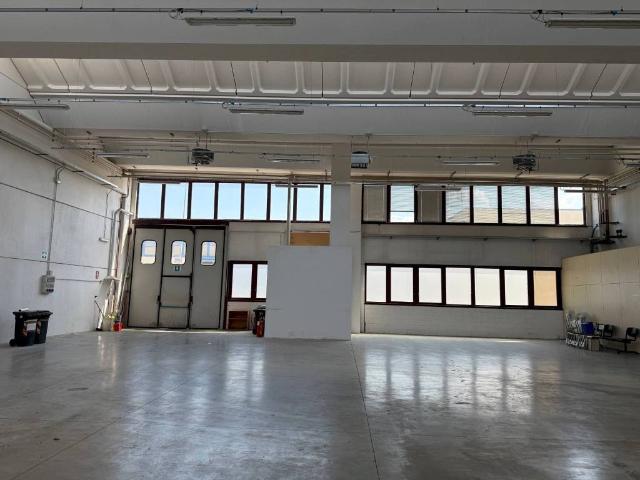 Locale Commerciale in affitto a Unione dei comuni Valli del Reno, Lavino e Samoggia, Casalecchio Di Reno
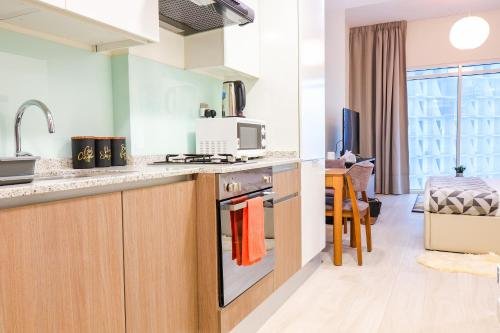 Дубай: Signature Holiday Homes - Newly Furnished Studio in Azizi Aliyah Residences, Al Jaddaf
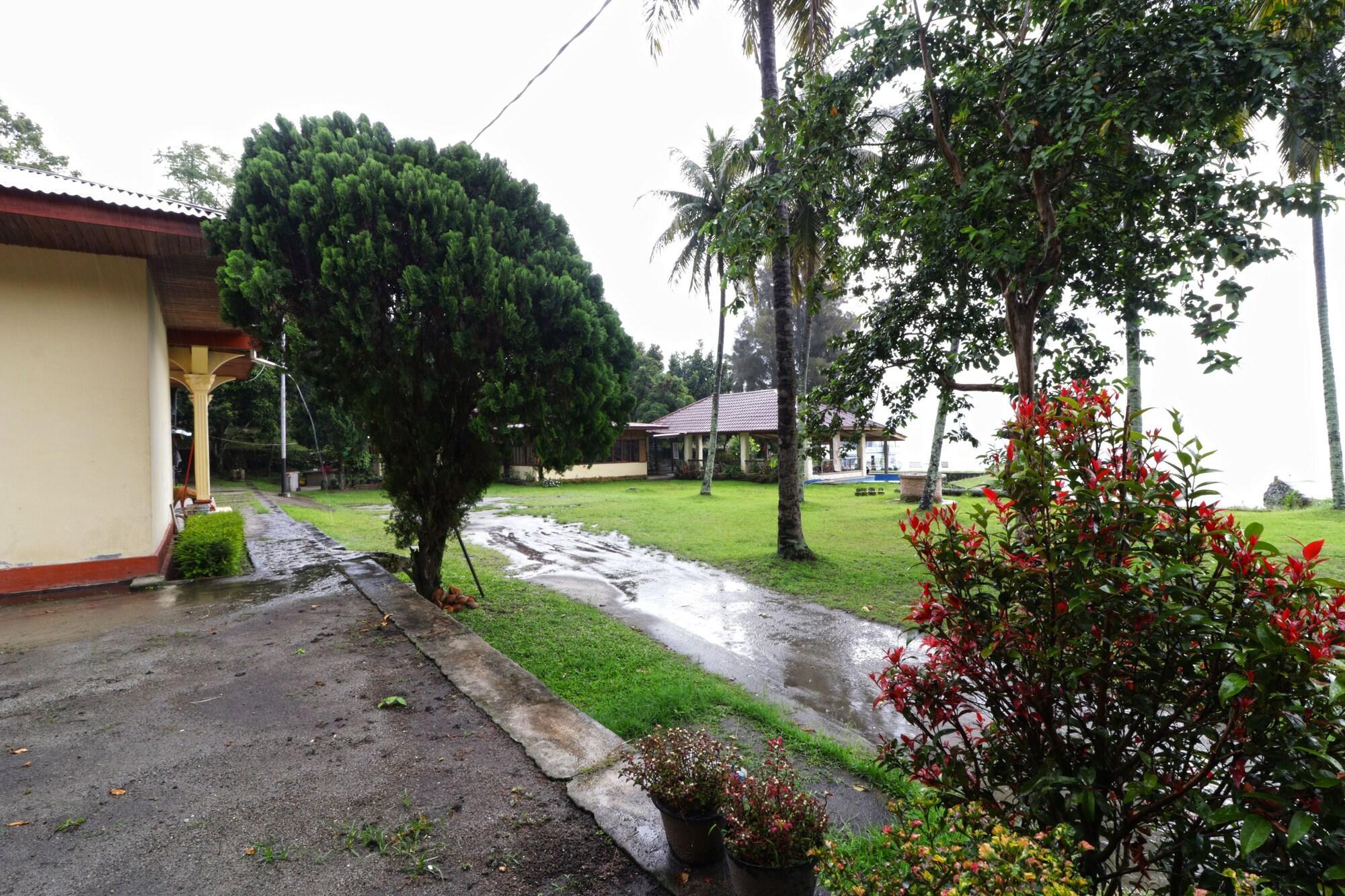 Tuk Tuk Timbul Bungalows Екстериор снимка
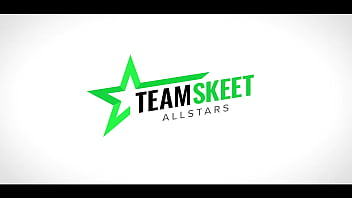 Preview 1 of Www Xxx Animal Sex Porn - One Dirty Mechanic by TeamSkeet AllStars Featuring Anya Olsen &amp_ Peter Green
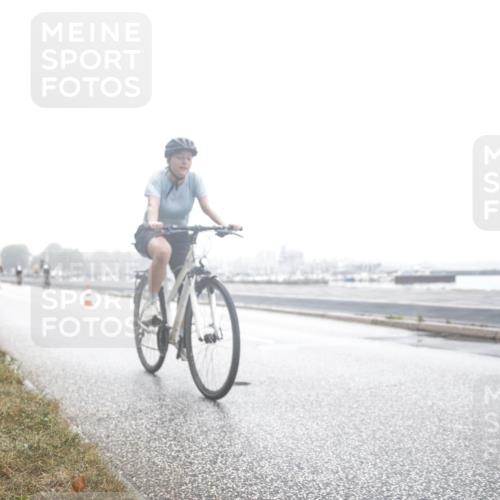 16.08.2026 - KN Förde Triathlon 2026 H.Heesch http://msf.ph/oto/9970151 16.08.2026 09:49:53 Radfahren 186, 236, 244 meine-sportfotos.de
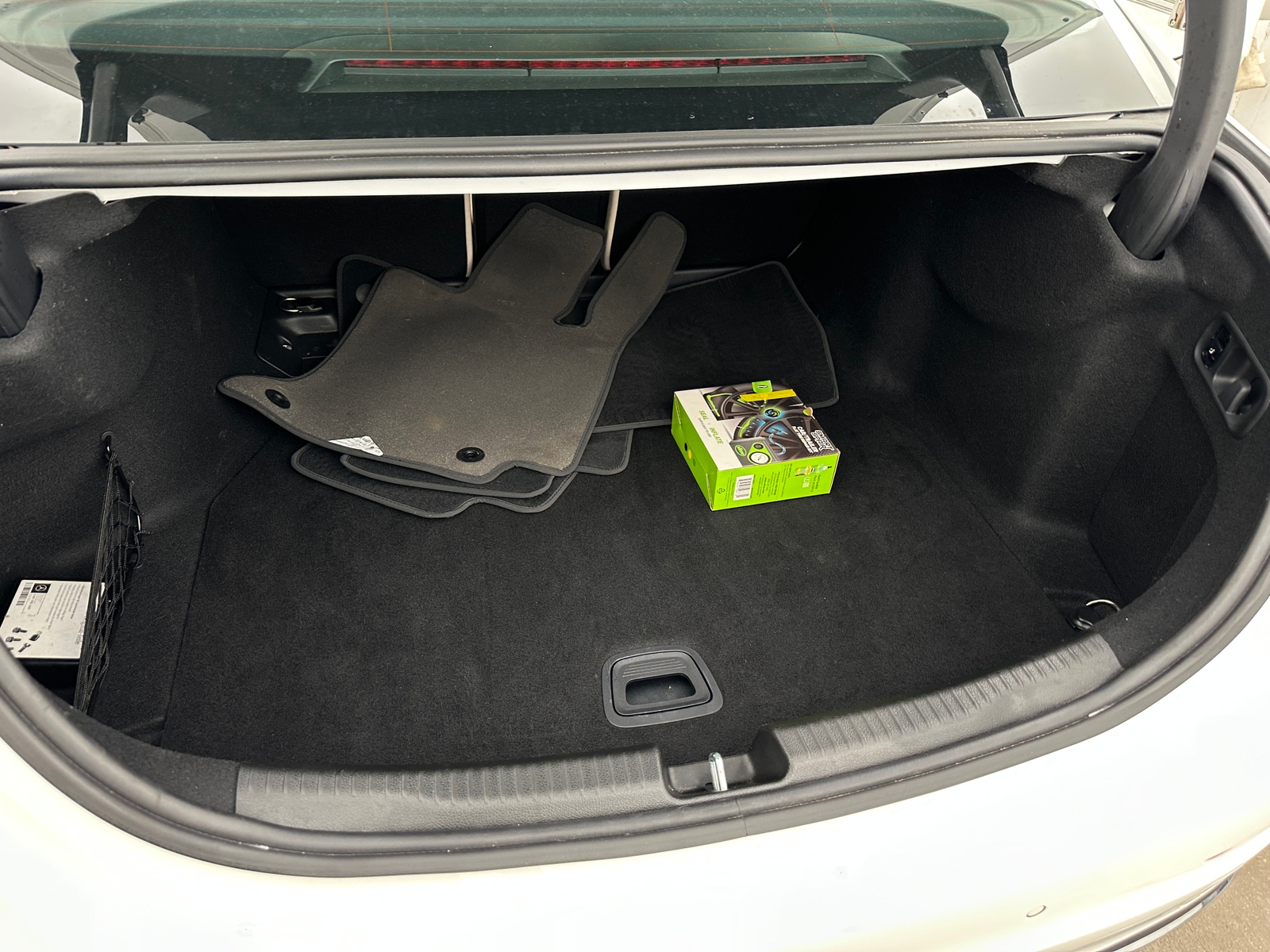 Thumbnail: 2023 Mercedes-Benz C-Class - 6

> Aim of the exercise: Leaving out the pictures, print each line of the records above from the first up to and including the one that contains "Preview 1 of", exactly as written.

> Solution for this task:
 Locale Commerciale in affitto a Unione dei comuni Valli del Reno, Lavino e Samoggia, Casalecchio Di Reno
 Дубай: Signature Holiday Homes - Newly Furnished Studio in Azizi Aliyah Residences, Al Jaddaf
 Tuk Tuk Timbul Bungalows Екстериор снимка
 Preview 1 of Www Xxx Animal Sex Porn - One Dirty Mechanic by TeamSkeet AllStars Featuring Anya Olsen &amp_ Peter Green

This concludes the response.